# [ABOUT THIS EXERCISE]
In full and exactly, please return the records, but keep out the pictures.

(Excerpts from a dataset)
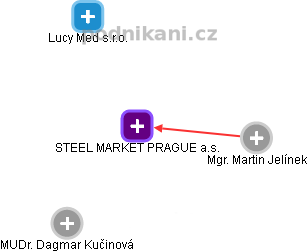 STEEL MARKET PRAGUE a.s. - obrázek vizuálního zobrazení vztahů obchodního rejstříku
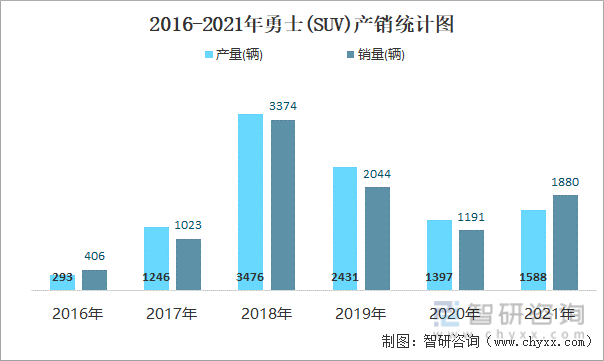 2016-2021年勇士(SUV)产销统计图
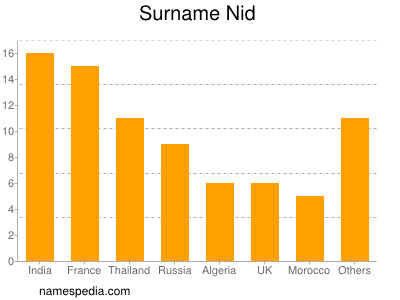 Familiennamen Nid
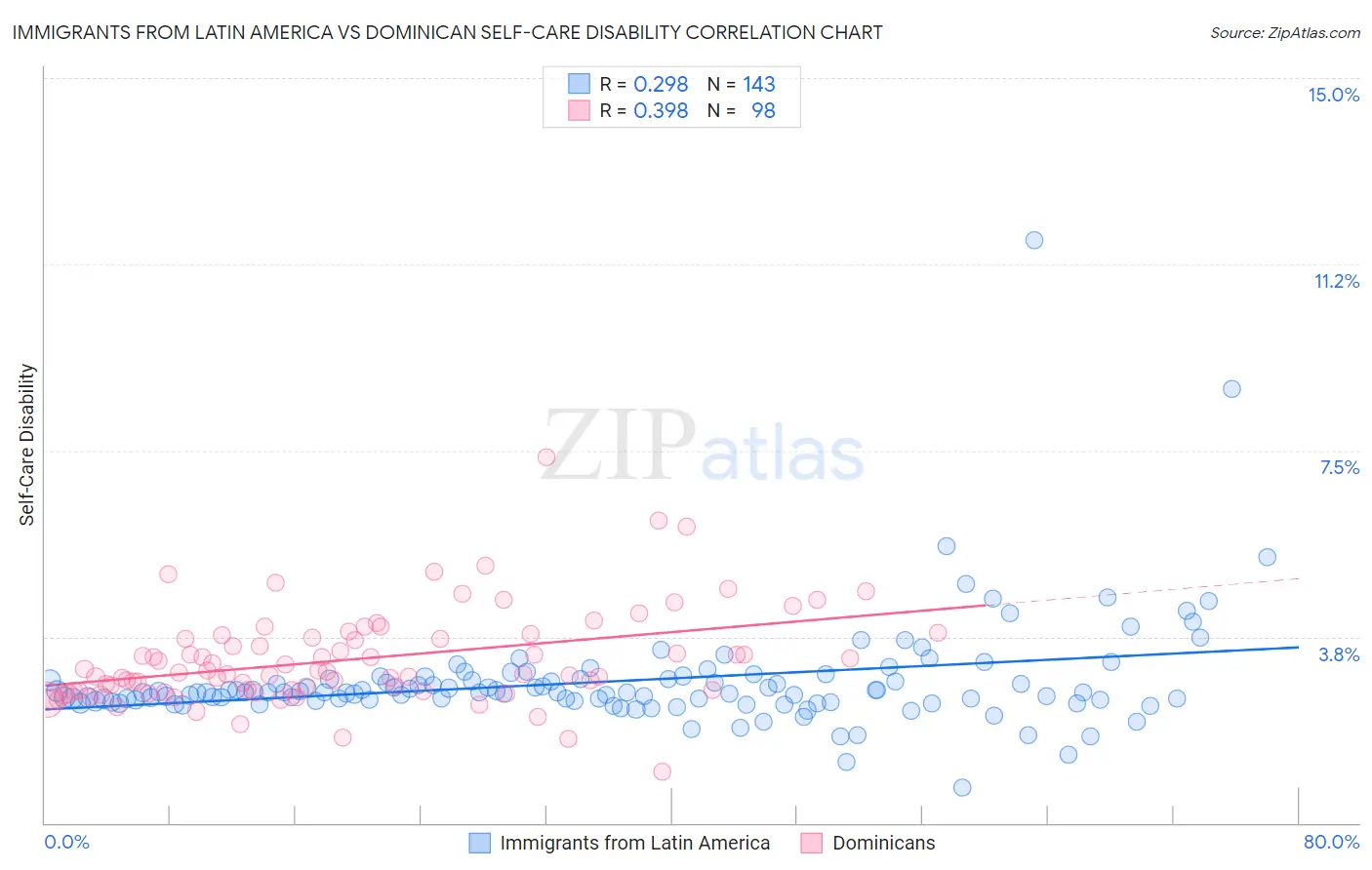 Immigrants from Latin America vs Dominican Self-Care Disability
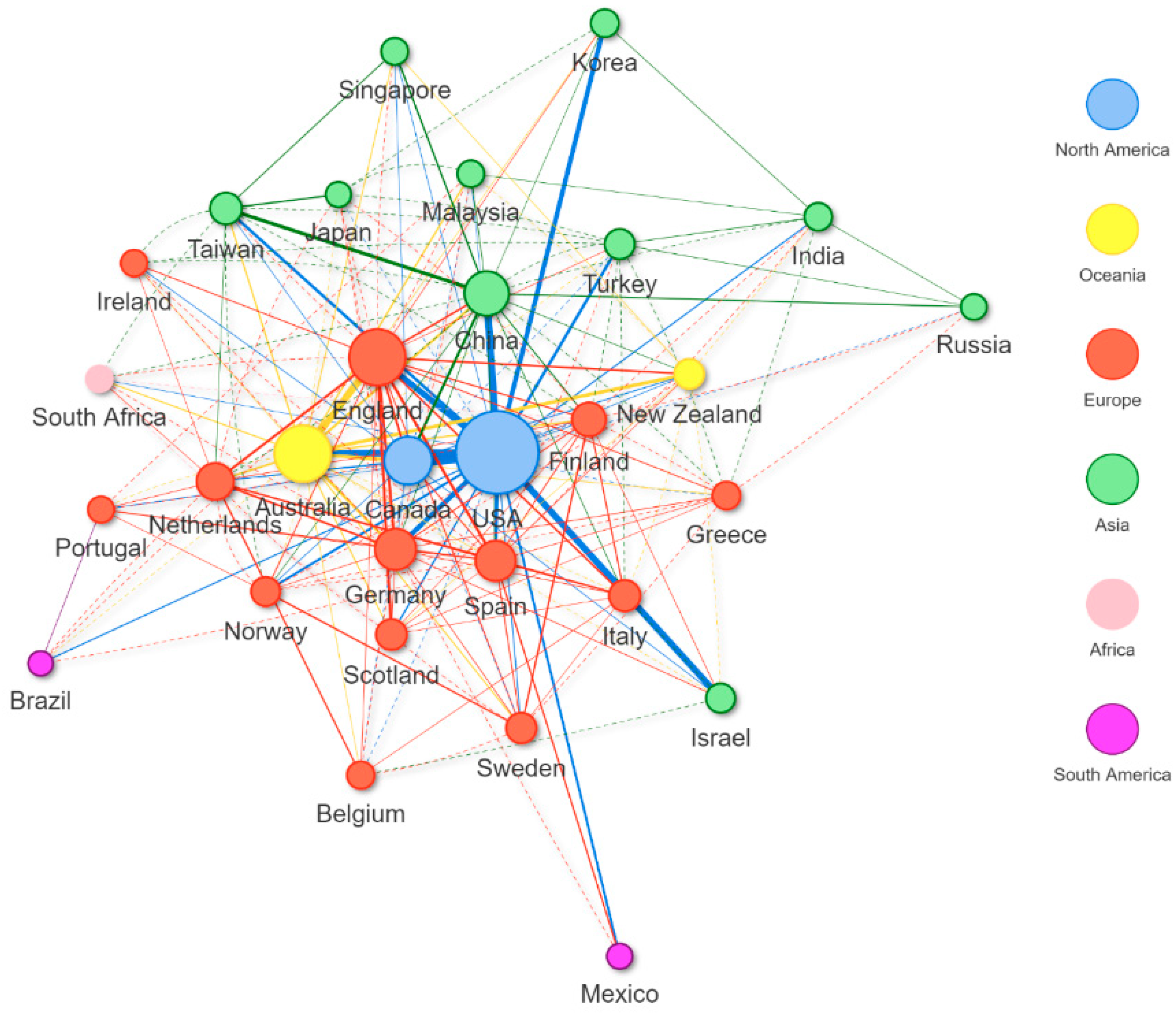 Sustainability 13 07941 g004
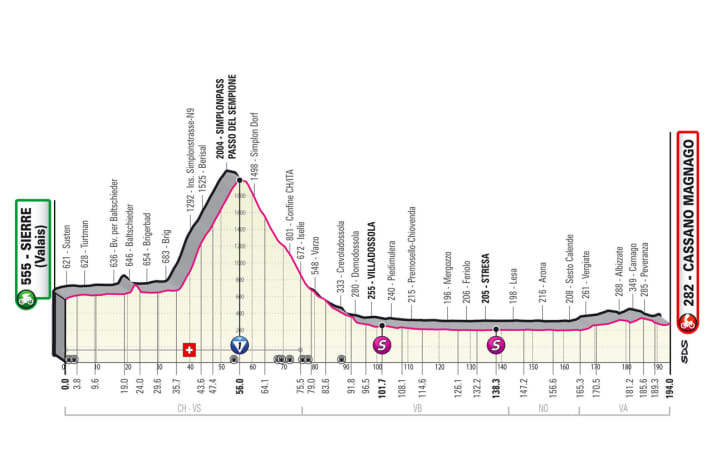 The elevation profile of the 14th stage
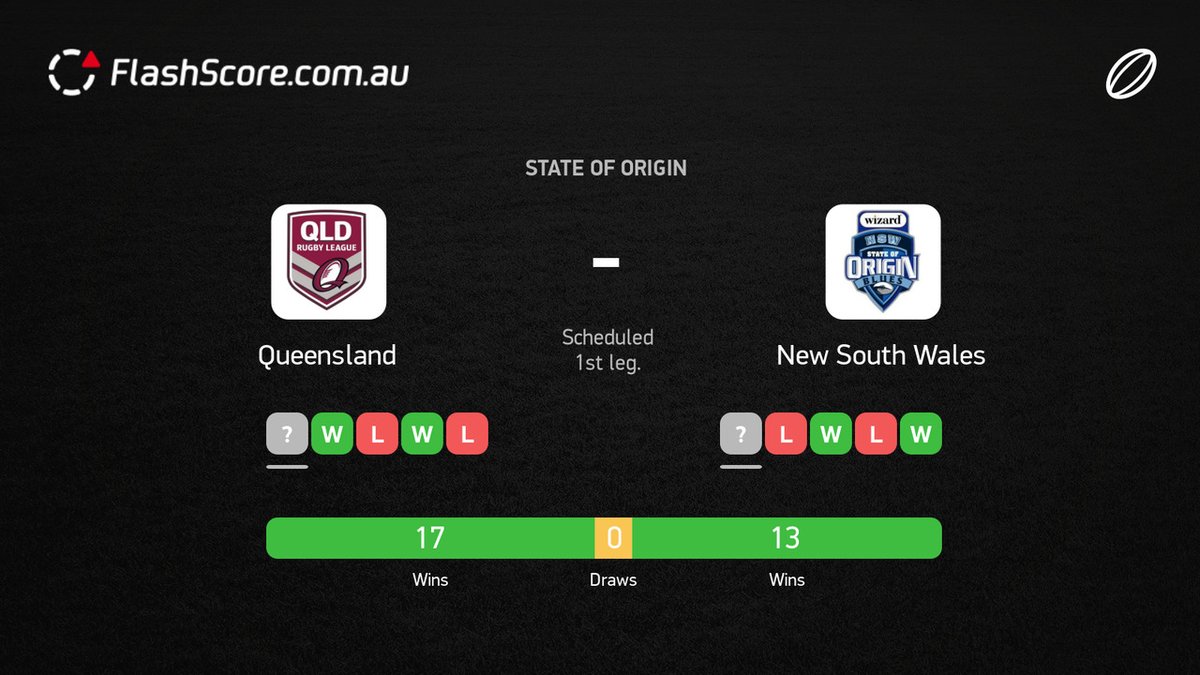 Tennis livescore flash score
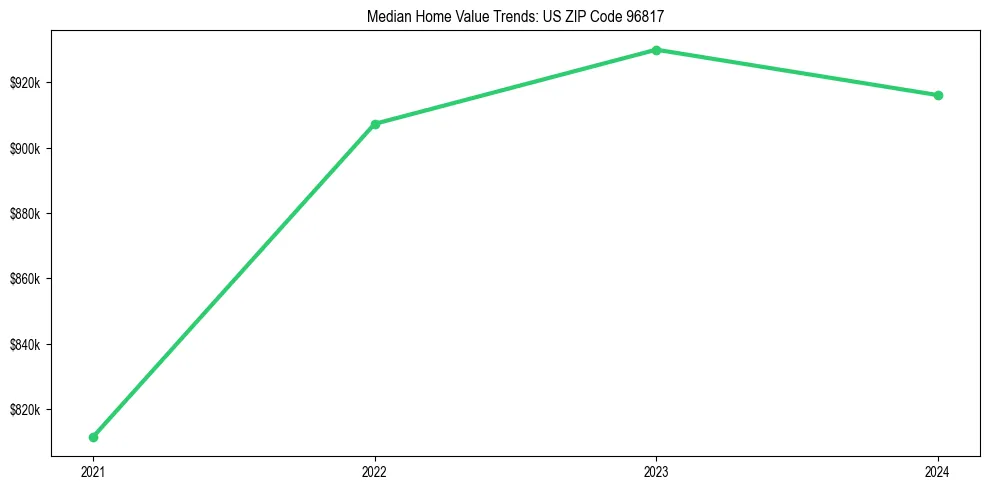Median property value trends in 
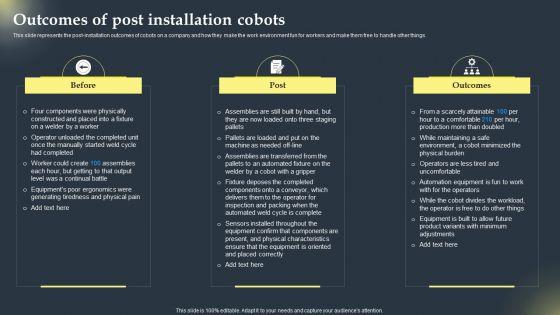 Cobots_Global_Statistics_Outcomes_Of_Post_Installation_Cobots_Infographics_PDF_Slide_1.jpg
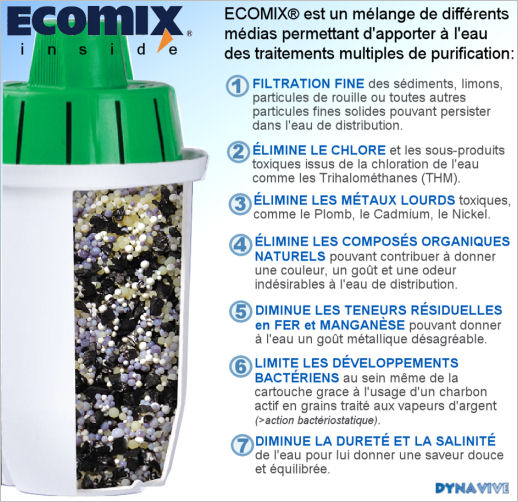 DYNAVIVE - Les traitements multiples apports par ECOMIX  l'eau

# [EXERCISE OUTPUT]
 STEEL MARKET PRAGUE a.s. - obrázek vizuálního zobrazení vztahů obchodního rejstříku
 2016-2021年勇士(SUV)产销统计图
 Familiennamen Nid
 Immigrants from Latin America vs Dominican Self-Care Disability
 Sustainability 13 07941 g004
 The elevation profile of the 14th stage
 Tennis livescore flash score
Median property value trends in 
 Cobots_Global_Statistics_Outcomes_Of_Post_Installation_Cobots_Infographics_PDF_Slide_1.jpg
 DYNAVIVE - Les traitements multiples apports par ECOMIX  l'eau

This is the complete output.